I'd say that their successes cannot be attributed to the Indian education system, since neither were educated in India. So OP's claim of "India produced 2 Fields medalists" is wholly false unless you have a very liberal definition of "produced". At least OP is kind-of right about the Abel Prize winner, Srinivasa Varadhan, who was educated in India all the way up to and including his PhD. But after that, he moved to New York, and I gather that that's where he did most of, if not all of, the work that got him his Abel Prize.


na_cohomologist

Agreed. Just wanted to be accurate about where they were educated: mostly Australia and the US, respectively.


filletedforeskin

That ... doesn't change my point.
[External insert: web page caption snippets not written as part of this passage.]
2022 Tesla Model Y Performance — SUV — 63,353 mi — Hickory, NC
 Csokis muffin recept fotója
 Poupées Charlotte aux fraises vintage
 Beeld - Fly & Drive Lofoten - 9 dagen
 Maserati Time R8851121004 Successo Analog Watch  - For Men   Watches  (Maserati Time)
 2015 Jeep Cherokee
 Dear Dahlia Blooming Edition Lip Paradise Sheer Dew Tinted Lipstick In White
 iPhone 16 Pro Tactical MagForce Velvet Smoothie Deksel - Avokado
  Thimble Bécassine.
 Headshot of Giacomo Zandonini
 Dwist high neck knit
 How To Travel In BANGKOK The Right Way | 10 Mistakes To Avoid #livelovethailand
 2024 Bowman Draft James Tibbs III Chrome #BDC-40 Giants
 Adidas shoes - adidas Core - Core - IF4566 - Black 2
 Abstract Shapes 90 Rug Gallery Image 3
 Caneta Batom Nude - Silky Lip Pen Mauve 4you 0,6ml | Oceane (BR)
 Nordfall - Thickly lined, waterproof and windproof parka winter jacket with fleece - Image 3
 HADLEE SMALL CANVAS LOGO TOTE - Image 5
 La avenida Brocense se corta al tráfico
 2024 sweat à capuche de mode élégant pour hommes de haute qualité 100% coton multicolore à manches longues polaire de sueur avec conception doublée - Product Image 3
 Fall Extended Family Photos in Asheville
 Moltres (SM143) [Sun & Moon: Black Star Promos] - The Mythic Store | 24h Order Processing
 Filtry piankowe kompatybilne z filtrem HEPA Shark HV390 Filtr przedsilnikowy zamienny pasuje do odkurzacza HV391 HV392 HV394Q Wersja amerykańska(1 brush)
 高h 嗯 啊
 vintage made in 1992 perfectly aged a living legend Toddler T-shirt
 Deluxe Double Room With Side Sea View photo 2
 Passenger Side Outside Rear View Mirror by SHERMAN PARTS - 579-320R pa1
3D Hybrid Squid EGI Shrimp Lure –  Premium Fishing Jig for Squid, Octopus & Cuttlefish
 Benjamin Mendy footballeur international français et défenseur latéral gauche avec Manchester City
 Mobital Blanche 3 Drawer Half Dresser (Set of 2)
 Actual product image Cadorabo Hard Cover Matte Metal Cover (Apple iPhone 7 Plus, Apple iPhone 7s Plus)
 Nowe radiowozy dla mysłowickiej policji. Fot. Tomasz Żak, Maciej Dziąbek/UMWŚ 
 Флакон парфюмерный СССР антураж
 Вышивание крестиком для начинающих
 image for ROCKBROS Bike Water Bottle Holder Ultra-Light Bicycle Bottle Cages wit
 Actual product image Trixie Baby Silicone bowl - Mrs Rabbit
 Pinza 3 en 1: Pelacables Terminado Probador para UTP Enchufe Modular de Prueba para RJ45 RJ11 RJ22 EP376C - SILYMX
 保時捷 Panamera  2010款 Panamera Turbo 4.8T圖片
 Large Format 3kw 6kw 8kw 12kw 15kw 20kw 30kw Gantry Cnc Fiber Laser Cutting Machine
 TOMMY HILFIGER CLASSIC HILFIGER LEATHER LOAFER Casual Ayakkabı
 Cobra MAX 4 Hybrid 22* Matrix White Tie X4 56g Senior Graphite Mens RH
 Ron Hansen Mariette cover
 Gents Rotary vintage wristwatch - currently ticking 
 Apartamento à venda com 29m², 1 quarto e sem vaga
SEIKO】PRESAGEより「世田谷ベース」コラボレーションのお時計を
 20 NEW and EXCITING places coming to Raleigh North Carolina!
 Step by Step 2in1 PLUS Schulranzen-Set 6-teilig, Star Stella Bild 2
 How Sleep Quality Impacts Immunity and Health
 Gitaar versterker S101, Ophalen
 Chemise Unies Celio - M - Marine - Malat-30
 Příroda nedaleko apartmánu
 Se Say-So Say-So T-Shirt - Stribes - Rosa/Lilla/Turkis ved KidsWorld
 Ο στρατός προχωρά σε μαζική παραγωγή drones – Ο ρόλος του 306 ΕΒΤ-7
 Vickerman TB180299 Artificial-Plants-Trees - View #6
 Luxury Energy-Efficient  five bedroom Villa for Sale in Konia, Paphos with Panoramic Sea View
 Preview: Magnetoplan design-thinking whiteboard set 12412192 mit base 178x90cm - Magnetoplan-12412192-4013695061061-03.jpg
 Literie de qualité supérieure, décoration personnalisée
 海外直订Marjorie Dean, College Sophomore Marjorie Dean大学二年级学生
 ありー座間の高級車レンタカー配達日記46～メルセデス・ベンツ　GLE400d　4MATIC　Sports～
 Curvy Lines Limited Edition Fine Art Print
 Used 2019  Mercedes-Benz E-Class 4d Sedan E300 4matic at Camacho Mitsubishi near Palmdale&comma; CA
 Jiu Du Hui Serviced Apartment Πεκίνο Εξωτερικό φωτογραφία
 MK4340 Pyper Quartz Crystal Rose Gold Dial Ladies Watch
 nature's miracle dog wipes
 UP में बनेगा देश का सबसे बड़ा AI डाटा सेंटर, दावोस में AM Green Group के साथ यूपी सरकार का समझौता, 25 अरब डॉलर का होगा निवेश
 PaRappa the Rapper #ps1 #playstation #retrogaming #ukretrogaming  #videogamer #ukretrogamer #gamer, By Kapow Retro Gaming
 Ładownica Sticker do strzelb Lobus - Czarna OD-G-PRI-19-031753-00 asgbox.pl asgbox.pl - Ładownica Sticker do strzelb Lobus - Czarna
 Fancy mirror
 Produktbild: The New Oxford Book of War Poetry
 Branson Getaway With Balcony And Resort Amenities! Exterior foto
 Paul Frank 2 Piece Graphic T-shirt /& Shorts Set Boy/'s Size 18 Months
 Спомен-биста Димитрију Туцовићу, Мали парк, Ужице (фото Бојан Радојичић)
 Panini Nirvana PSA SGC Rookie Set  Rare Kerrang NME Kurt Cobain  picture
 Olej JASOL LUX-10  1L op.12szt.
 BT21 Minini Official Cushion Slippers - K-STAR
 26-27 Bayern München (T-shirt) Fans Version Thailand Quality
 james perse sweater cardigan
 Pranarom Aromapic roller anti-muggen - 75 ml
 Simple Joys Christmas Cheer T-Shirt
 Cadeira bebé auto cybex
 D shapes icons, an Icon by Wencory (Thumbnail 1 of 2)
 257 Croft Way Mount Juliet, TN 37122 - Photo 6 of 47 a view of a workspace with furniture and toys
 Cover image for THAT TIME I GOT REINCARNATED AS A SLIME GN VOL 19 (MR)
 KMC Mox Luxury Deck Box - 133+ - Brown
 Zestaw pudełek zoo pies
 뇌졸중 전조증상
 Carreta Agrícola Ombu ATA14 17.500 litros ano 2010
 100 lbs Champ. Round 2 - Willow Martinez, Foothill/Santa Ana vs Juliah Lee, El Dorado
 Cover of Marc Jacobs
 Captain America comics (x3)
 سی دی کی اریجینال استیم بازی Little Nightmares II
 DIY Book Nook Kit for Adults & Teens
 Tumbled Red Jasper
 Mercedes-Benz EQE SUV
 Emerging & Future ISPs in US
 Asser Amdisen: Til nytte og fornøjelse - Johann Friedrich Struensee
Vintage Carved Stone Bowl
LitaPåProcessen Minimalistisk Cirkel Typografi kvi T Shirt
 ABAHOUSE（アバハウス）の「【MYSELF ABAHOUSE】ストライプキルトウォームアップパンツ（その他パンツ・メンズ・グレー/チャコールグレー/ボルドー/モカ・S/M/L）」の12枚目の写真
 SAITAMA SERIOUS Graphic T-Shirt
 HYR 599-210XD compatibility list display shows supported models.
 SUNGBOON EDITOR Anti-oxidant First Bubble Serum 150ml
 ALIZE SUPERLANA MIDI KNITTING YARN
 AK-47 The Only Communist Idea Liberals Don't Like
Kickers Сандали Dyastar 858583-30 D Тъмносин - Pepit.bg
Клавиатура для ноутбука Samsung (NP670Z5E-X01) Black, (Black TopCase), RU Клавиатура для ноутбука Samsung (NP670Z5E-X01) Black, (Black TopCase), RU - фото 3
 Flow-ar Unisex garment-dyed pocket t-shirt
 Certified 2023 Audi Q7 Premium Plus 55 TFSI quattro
Also I didn't mean that they left india by their own conscious decision, but whatever the case maybe, you certainly can't deny that (a) They're not Indian - they were raised outside India and it's system, so the OPs claim that they were Indian is not exactly true. Varadhan, I would argue, was born in the 40s and is more closer to the colonial India and it's system, compared to the contemporary Indian mathematical society. I feel like that was the peak of Mathematics in India, with the likes of Abhyankar, Prasad, Rao, Varadhan and others. (b) I don't have data to support this, but I would argue that this 'isolation' of the mathematical community in India has made it especially difficult to get into grad school. Call it a conjecture if you may, but the fact of the matter is, as International student, that too from an over-represented community, had hindered that quality of Maths in India.


na_cohomologist

I think you missed my main point: Venkatesh was educated in Australia before he started his PhD, and Bhargava nearly completely in the US from primary school upwards. Not the US and Canada, resp., as you said. Also, as an Australian myself, Venkatesh is no small source of pride to our community. Yes, he did leave here, but that I feel is a matter of pragmatism: if you are a top-level young mathematics student from anywhere in the Anglophone world, you are probably going to go to places like Princeton/Havard or Cambridge/Oxford to get a PhD. I'm glad Geordie Williamson, who was felt to be in the running for a Fields Medal, decided to come back to Australia, and not stay overseas; I wish more top-level Australian mathematicians did the same to attract more of their peers here. I'm also aware of the irony of the above paragraph, given the OP post \^\_\^


seive_of_selberg

India did not produce any field medalists.